• **EXERCISE DIRECTIONS**:
Filter the entries, keeping every line with the word "Skirt".

• **Records from a dataset**:
|---|
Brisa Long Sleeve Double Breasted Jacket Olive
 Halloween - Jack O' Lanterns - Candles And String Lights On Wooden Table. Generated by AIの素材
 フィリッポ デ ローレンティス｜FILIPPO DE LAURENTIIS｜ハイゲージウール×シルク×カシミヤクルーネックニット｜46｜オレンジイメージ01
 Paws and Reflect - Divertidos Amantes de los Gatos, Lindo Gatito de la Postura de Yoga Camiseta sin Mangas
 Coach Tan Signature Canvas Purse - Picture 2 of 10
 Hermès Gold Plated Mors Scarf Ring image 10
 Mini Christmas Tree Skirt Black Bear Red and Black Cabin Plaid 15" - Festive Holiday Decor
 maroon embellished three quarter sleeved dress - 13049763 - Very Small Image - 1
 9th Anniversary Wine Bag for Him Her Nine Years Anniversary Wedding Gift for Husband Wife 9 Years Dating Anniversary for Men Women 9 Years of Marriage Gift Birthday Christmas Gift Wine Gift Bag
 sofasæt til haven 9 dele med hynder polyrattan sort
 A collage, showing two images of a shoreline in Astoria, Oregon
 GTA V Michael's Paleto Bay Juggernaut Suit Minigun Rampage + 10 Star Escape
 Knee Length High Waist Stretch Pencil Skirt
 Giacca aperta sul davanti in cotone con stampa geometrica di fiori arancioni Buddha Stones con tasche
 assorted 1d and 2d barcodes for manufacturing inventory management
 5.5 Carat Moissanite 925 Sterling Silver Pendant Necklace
|---|
• **EXERCISE RESULT**:
 Mini Christmas Tree Skirt Black Bear Red and Black Cabin Plaid 15" - Festive Holiday Decor
 Knee Length High Waist Stretch Pencil Skirt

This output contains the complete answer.